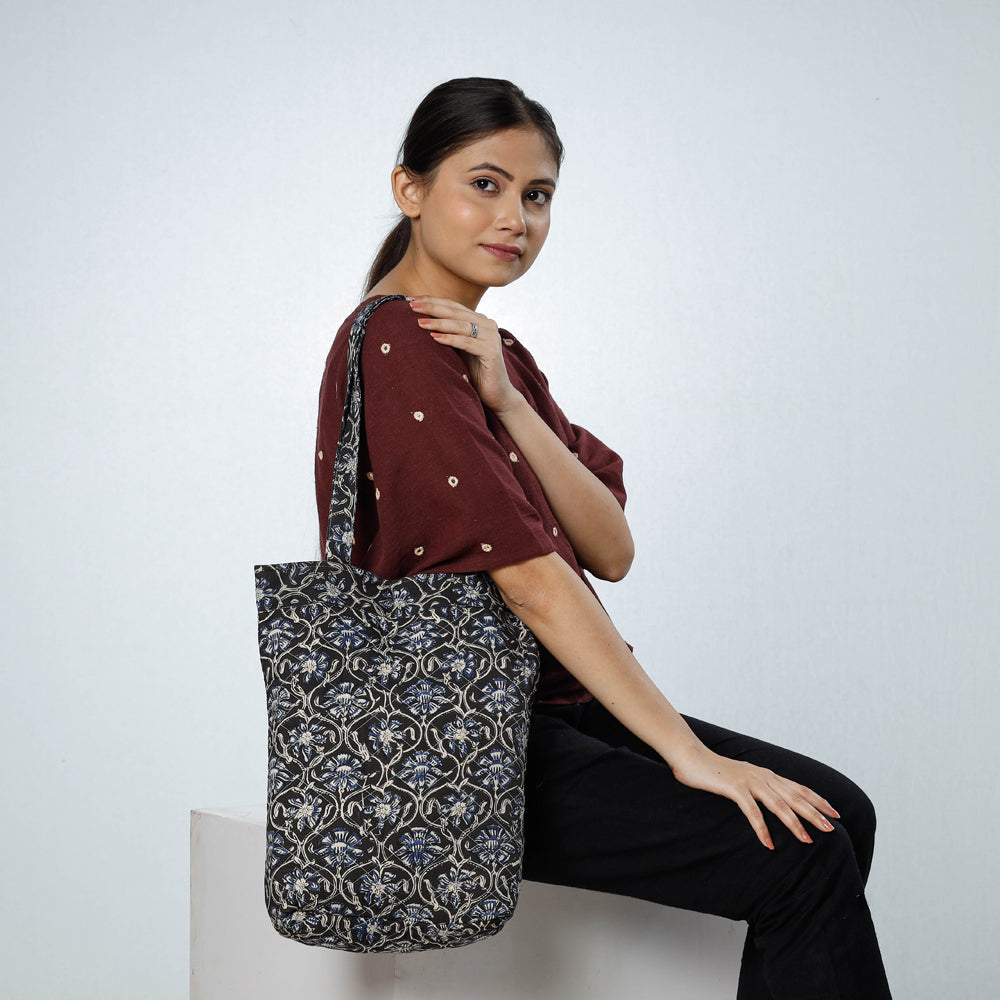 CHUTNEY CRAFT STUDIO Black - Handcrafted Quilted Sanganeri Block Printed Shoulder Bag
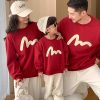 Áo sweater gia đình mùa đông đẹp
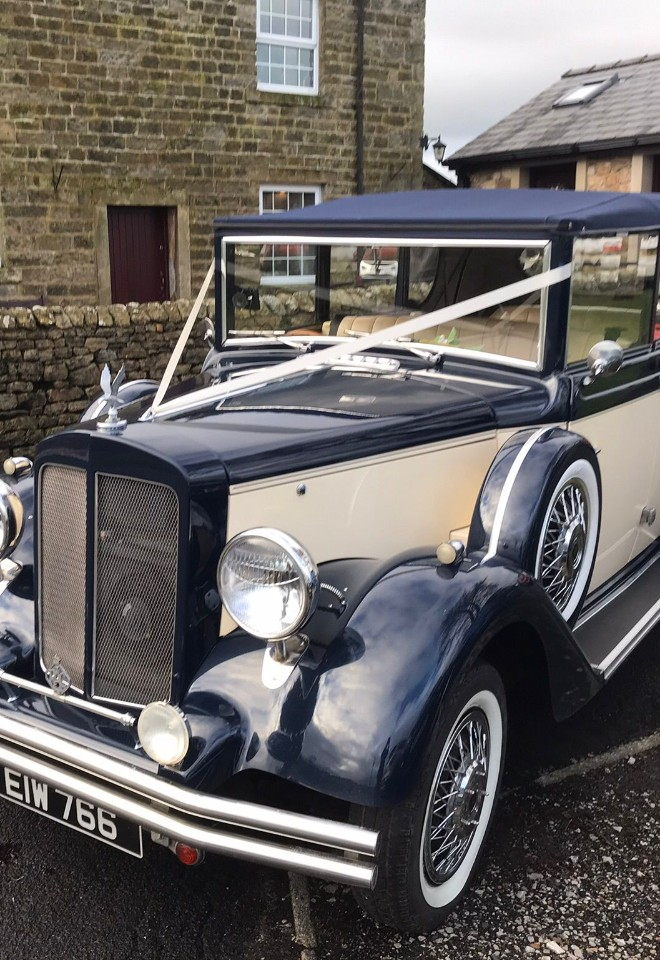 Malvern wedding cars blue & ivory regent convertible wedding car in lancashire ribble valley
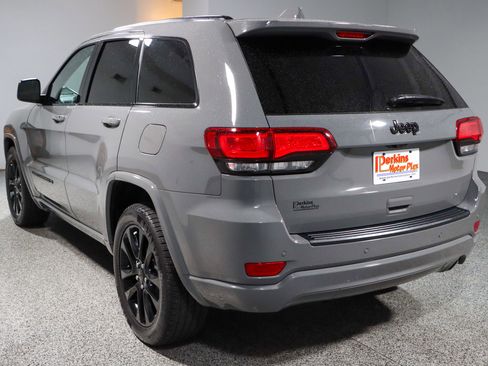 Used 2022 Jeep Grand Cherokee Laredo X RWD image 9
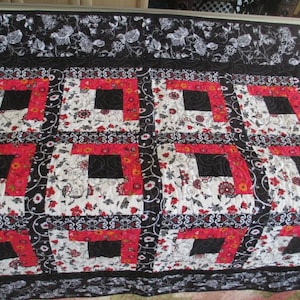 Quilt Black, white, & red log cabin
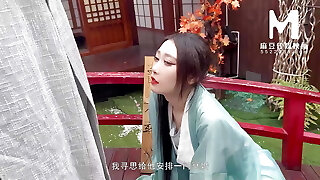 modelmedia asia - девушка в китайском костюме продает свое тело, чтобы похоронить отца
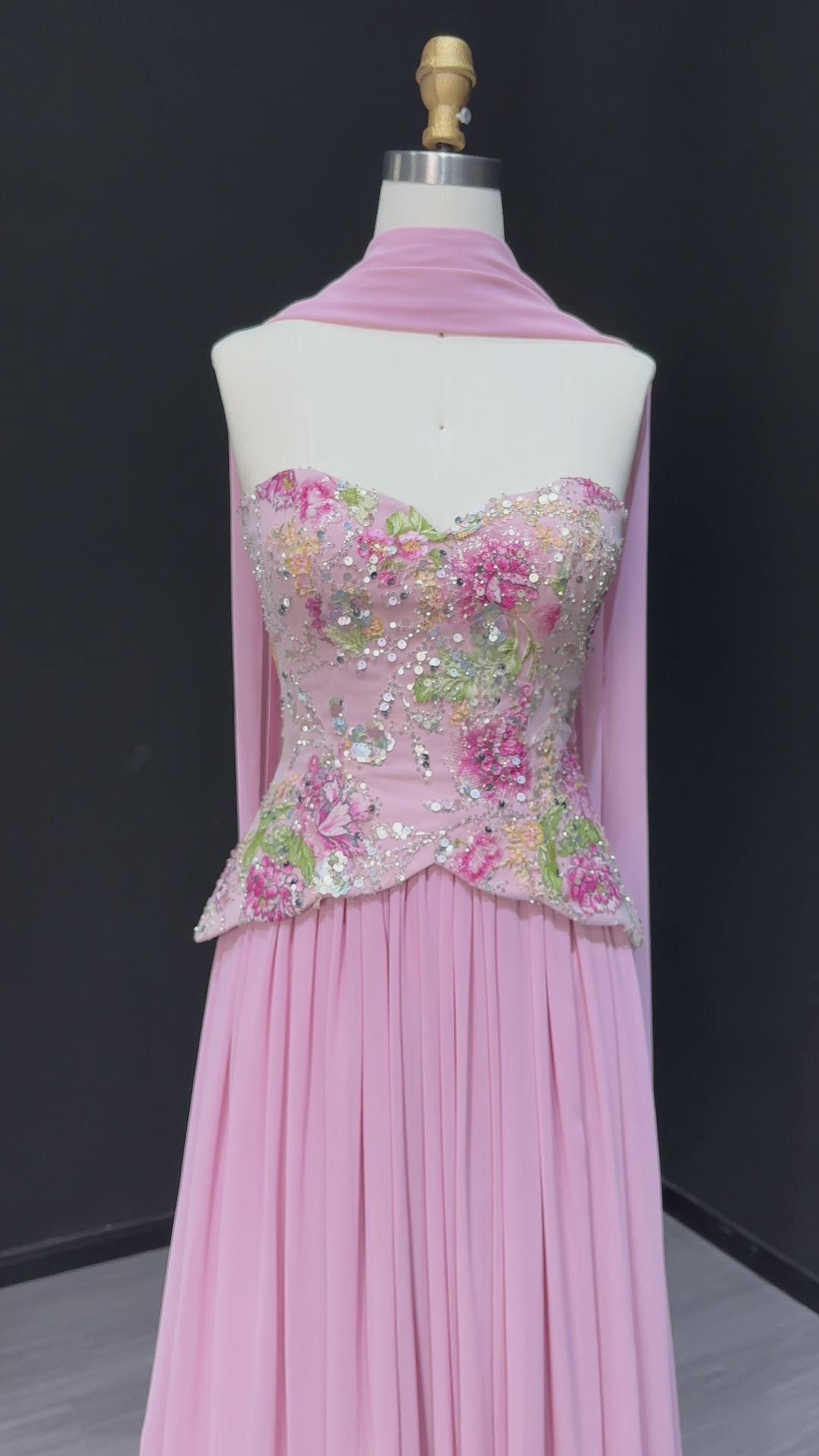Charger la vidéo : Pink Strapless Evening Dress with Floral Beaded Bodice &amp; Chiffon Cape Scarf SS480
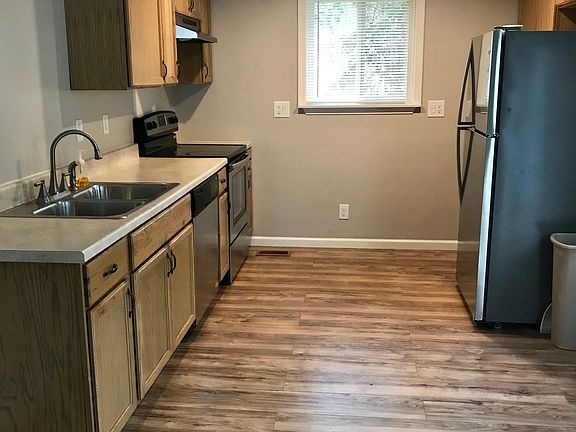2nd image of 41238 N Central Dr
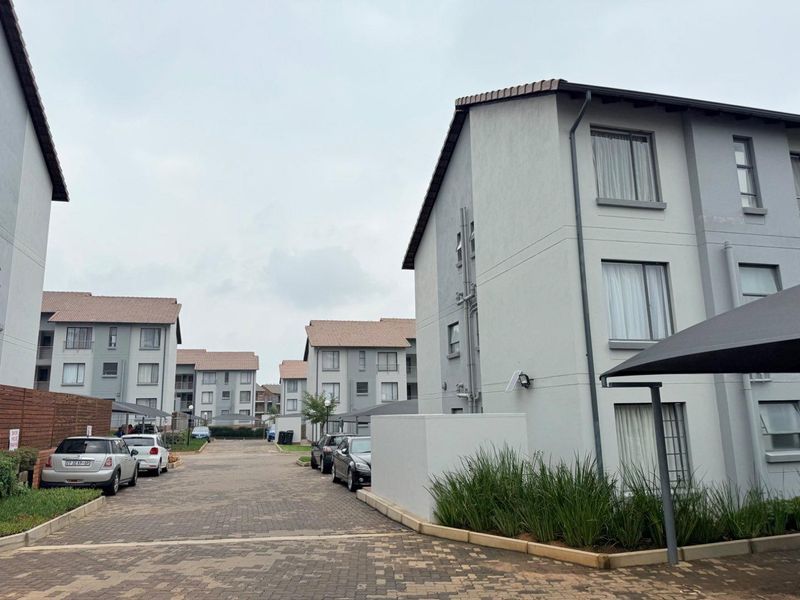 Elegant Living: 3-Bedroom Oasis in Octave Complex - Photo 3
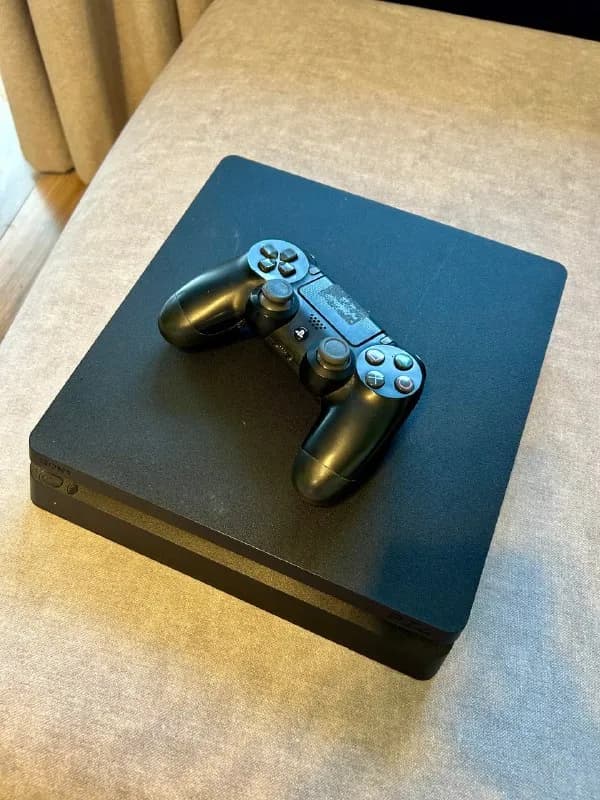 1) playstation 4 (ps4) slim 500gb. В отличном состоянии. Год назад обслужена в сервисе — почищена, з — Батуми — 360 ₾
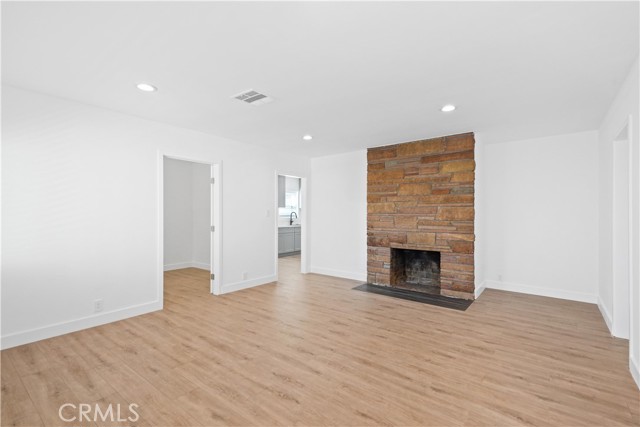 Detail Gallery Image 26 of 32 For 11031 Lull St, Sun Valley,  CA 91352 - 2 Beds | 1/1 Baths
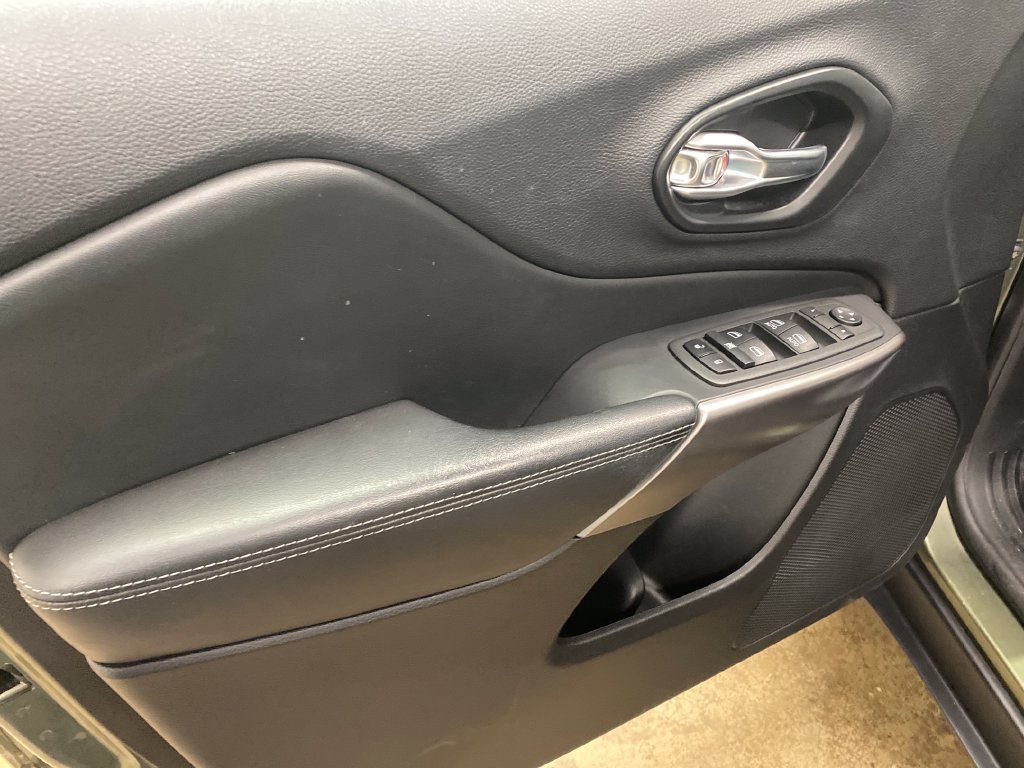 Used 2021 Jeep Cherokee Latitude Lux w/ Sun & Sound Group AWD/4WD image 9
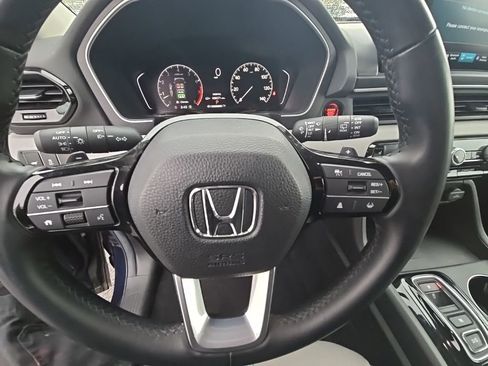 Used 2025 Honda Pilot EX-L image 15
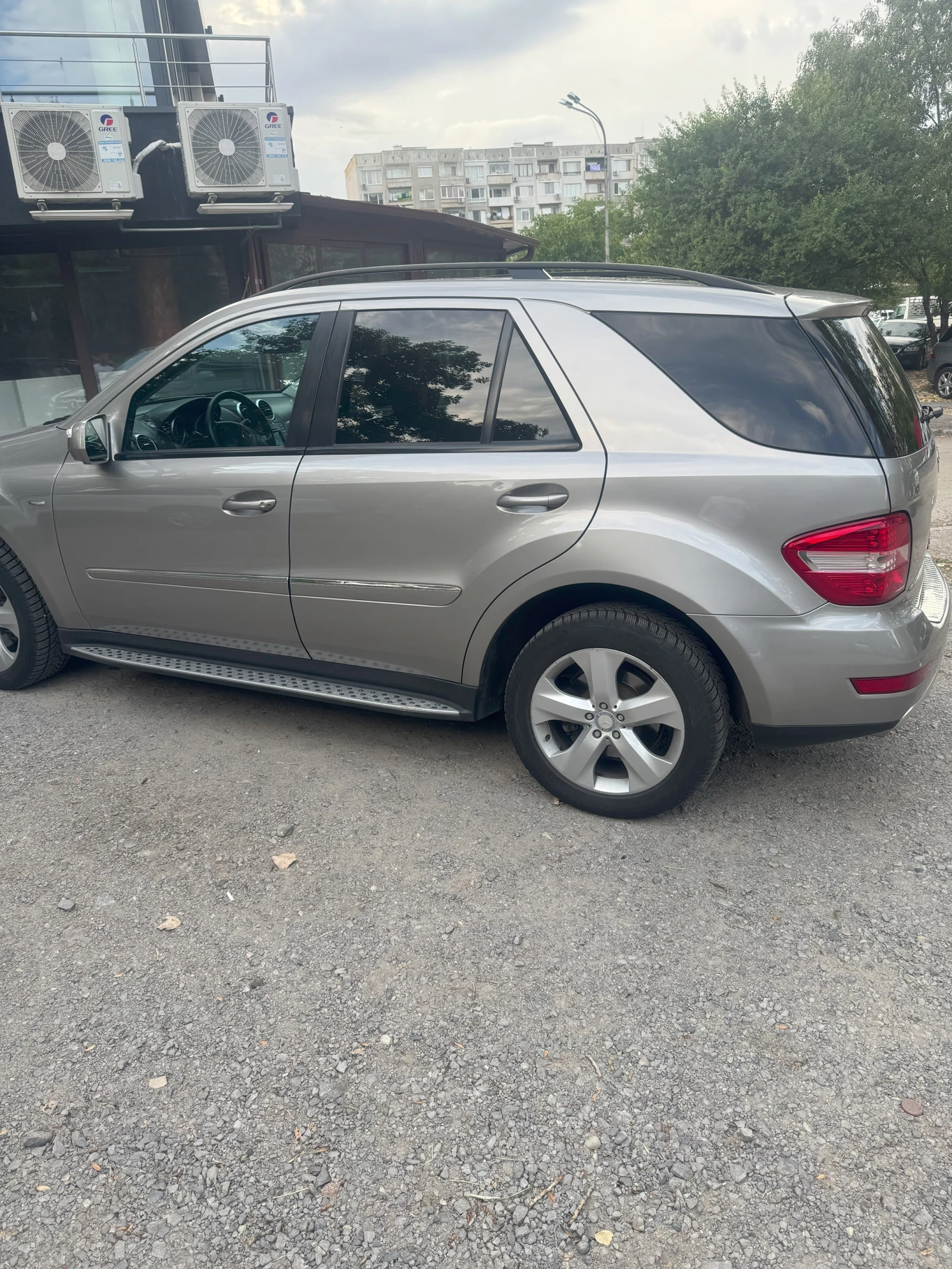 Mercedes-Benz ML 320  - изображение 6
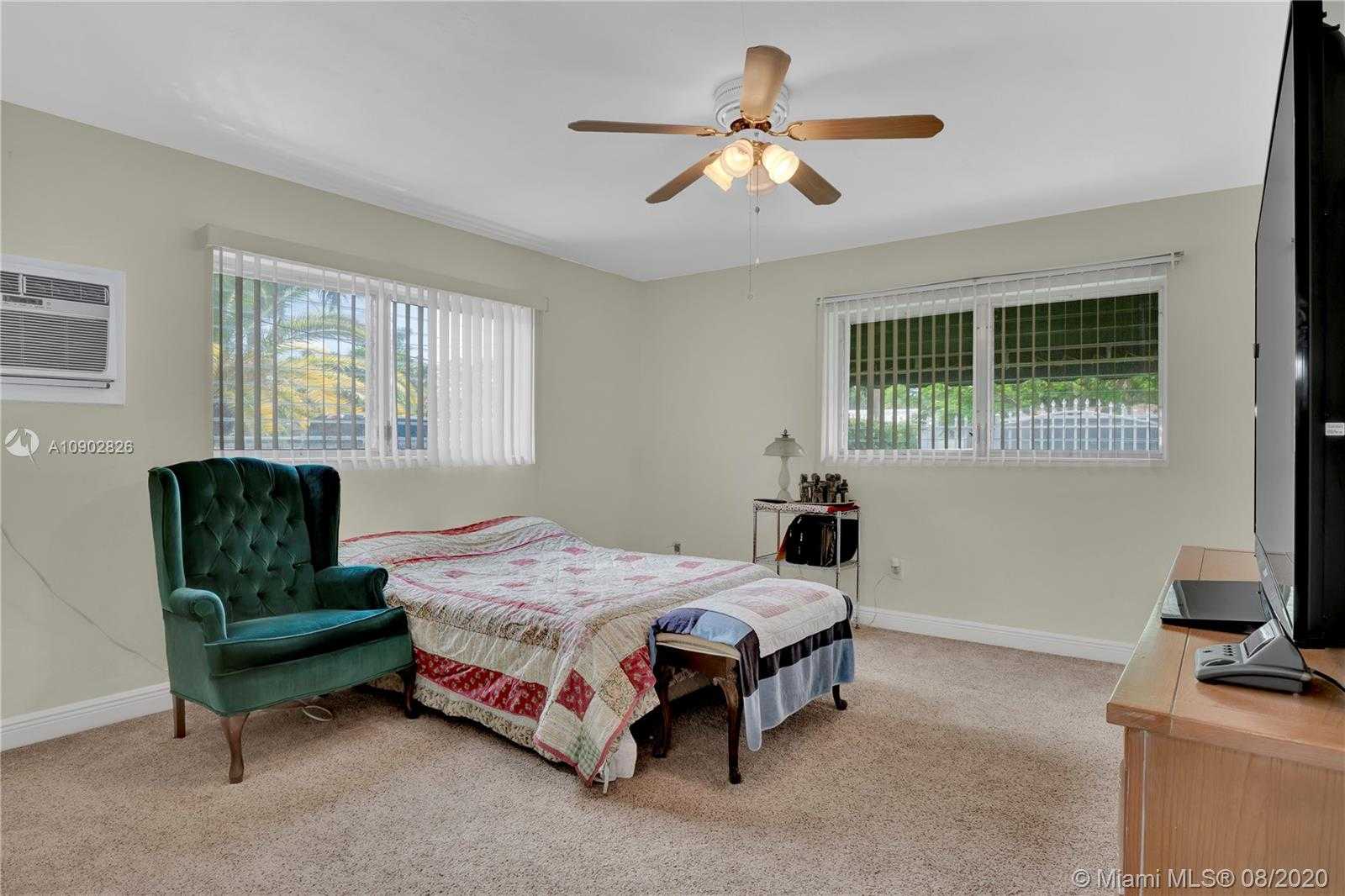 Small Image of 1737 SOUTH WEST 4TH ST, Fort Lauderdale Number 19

----------------------------------------

__Instructions to follow__.
Without the pictures, retype exactly the lines from the one that holds "Detail Gallery Image" to the last line of the data above, both of them included.

__Result of the task__.
 Detail Gallery Image 26 of 32 For 11031 Lull St, Sun Valley,  CA 91352 - 2 Beds | 1/1 Baths
 Used 2021 Jeep Cherokee Latitude Lux w/ Sun & Sound Group AWD/4WD image 9
 Used 2025 Honda Pilot EX-L image 15
 Mercedes-Benz ML 320  - изображение 6
 Small Image of 1737 SOUTH WEST 4TH ST, Fort Lauderdale Number 19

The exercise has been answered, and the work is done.